Am I correct when I say that this is where the master node is pinging the lead zookeeper as a way to maintain a heartbeat to see if zookeeper is alive?

On the region servers I see every node with roughly the following:
2010-03-03 09:31:52,086 DEBUG org.apache.hadoop.hbase.io.hfile.LruBlockCache: Cache Stats: Sizes: Total=2.9179459MB (3059688), Free=352.64456MB (369774616), Max=355.5625MB (372834304), Counts: Blocks=0, Access=0, Hit=0, Miss=0, Evictions=0, Evicted=0, Ratios: Hit Ratio=NaN%, Miss Ratio=NaN%, Evicted/Run=NaN
2010-03-03 09:31:52,222 DEBUG org.apache.zookeeper.ClientCnxn: Got ping response for sessionid:0x12722bb961d0001 after 0ms
2010-03-03 09:32:12,223 DEBUG org.apache.zookeeper.ClientCnxn: Got ping response for sessionid:0x12722bb961d0001 after 0ms
2010-03-03 09:32:32,223 DEBUG org.apache.zookeeper.ClientCnxn: Got ping response for sessionid:0x12722bb961d0001 after 0ms


Going through the logs, I see 0-1ms response time from the region servers to zookeeper.

I'm trying to track down why I'm having partial failures.
That is, on a region server, I see multiple live servers, where one is actually alive.
(This problem is intermittent and I haven't seen a failure [yet] since I turned on the debugging.)

Is it normal to see pings as long as 50ms when a master pings zookeeper?

Thx

-Mike






 		 	   		  
_________________________________________________________________
Your E-mail and More On-the-Go.

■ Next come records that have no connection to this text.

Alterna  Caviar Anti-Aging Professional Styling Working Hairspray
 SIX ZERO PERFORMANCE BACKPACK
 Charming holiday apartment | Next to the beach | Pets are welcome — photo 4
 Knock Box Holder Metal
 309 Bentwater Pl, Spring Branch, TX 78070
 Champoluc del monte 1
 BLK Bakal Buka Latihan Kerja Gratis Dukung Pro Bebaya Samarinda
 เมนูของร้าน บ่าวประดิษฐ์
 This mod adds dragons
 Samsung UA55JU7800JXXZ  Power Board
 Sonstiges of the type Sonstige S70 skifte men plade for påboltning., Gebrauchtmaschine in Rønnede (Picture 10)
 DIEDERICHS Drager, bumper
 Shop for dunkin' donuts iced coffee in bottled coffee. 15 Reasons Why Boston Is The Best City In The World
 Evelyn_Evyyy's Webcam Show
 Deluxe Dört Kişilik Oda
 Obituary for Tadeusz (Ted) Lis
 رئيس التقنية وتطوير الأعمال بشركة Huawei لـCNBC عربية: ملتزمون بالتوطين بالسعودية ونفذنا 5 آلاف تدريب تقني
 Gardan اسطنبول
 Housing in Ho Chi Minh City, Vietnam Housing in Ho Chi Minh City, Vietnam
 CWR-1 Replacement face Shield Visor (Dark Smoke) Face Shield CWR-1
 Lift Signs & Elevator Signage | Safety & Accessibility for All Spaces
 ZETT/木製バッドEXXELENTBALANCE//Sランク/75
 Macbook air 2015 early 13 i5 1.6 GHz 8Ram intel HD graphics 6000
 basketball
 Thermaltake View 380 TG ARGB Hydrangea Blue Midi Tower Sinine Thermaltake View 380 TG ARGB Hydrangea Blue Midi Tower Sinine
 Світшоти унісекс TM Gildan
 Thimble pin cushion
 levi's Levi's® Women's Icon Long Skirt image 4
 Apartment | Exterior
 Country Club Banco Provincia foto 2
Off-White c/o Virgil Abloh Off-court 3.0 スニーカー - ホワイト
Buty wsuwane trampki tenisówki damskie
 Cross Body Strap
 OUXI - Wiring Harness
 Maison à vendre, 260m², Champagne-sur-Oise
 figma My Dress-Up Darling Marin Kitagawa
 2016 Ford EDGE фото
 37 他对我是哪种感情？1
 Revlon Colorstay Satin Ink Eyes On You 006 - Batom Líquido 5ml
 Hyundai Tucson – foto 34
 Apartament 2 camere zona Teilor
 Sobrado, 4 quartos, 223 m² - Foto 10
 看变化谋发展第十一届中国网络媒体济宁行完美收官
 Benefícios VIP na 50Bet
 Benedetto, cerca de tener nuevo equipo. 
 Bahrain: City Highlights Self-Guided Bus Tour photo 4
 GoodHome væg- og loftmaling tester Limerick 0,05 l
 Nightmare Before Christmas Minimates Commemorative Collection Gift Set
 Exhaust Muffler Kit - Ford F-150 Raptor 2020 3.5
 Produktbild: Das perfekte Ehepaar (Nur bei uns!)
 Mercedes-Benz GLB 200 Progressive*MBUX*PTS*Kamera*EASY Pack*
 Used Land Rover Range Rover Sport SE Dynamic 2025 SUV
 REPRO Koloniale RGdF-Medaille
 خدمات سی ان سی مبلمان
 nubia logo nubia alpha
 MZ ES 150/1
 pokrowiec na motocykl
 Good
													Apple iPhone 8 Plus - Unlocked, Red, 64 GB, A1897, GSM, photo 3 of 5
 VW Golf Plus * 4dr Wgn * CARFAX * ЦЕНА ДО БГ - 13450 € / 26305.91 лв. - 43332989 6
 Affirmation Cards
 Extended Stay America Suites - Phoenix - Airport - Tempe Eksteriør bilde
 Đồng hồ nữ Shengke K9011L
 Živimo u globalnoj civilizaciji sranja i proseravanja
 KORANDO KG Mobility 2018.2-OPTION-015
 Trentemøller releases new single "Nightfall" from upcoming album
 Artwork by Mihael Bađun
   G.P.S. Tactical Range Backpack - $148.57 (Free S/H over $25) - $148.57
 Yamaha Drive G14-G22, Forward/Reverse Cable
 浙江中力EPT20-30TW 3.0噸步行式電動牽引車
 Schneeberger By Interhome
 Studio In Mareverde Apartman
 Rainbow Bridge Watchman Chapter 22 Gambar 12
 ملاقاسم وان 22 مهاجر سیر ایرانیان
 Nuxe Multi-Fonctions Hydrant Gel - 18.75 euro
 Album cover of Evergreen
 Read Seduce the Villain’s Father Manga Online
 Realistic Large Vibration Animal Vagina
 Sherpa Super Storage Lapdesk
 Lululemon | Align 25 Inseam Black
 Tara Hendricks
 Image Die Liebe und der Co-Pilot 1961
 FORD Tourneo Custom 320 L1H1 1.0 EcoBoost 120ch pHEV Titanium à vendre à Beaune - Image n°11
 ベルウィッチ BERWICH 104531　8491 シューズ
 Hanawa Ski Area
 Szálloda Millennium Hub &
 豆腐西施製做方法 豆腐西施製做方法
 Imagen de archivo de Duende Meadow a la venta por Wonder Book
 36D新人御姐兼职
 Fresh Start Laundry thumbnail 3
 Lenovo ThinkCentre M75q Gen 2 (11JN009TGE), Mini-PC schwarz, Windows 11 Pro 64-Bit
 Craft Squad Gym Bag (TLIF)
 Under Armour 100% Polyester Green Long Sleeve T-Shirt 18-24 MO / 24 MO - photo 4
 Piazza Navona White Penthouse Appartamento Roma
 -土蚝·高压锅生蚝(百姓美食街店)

Get Windows Live Hotmail Free.
http://clk.atdmt.com/GBL/go/201469229/direct/01/

Re: Trying to understand HBase/ZooKeeper Logs

Posted by Patrick Hunt <ph...@apache.org>.

Also check the ZK server logs and see if you notice any session 
expirations (esp during this timeframe). "grep -i expir <zk server logs>"

Patrick

Jean-Daniel Cryans wrote:
> Michael,
> 
> Grep your master log for "Received report from unknown server" and if
> you do find it, it means that you have DNS flapping. This may explain
> why you see a "new instance" which in this case would be the master
> registering the region server a second or third time. This patch in
> this jira fixes this issue
> https://issues.apache.org/jira/browse/HBASE-2174
> 
> J-D
> 
> On Wed, Mar 3, 2010 at 9:28 AM, Michael Segel <mi...@hotmail.com> wrote:
>>
>>
>>> Date: Wed, 3 Mar 2010 09:17:06 -0800
>>> From: phunt@apache.org
>>> To: hbase-user@hadoop.apache.org
>>> Subject: Re: Trying to understand HBase/ZooKeeper Logs
>> [SNIP]
>>> There are a few issues involved with the ping time:
>>>
>>> 1) the network (obv :-) )
>>> 2) the zk server - if the server is highly loaded the pings may take
>>> longer. The heartbeat is also a "health check" that the client is doing
>>> against the server (as much as it is a "health check" for the server
>>> that the client is still live). The HB is routed "all the way" through
>>> the ZK server, ie through the processing pipeline. So if the server were
>>> stalled it would not respond immediately (vs say reading the HB at the
>>> thread that reads data from the client). You can see the min/max/avg
>>> request latencies on the zk server by using the "stat" 4letter word. See
>>> the ZK admin docs on this http://bit.ly/dglVld
>>> 3) the zk client - clients can only process HB responses if they are
>>> running. Say the JVM GC runs in blocking mode, this will block all
>>> client threads (incl the zk client thread) and the HB response will sit
>>> until the GC is finished. This is why HBase RSs typically use very very
>>> large (from our, zk, perspective) session timeouts.
>>>
>>> 50ms is not long btw. I believe that RS are using >> 30sec timeouts.
>>>
>>> I can't shed directly light on this (ie what's the problem in hbase that
>>> could cause your issue). I'll let jd/stack comment on that.
>>>
>>> Patrick
>>>
>> Thanks for the quick response.
>>
>> I'm trying to track down the issue of why we're getting a lot of 'partial' failures. Unfortunately this is currently a lot like watching a pot boil. :-(
>>
>> What I am calling a 'partial failure' is that the region servers are spawning second or even third instances where only the last one appears to be live.
>>
>> From what I can tell is that there's a spike of network activity that causes one of the processes to think that there is something wrong and spawn a new instance.
>>
>> Is this a good description?
>>
>> Because some of the failures occur late at night with no load on the system, I suspect that we have issues with the network but I can't definitively say.
>>
>> Which process is the most sensitive to network latency issues?
>>
>> Sorry, still relatively new to HBase and I'm trying to track down a nasty issue that cause Hbase to fail on an almost regular basis. I think its a networking issue, but I can't be sure.
>>
>> Thx
>>
>> -Mike
>>
>>
>>
>>
>>
>> _________________________________________________________________
>> Hotmail: Powerful Free email with security by Microsoft.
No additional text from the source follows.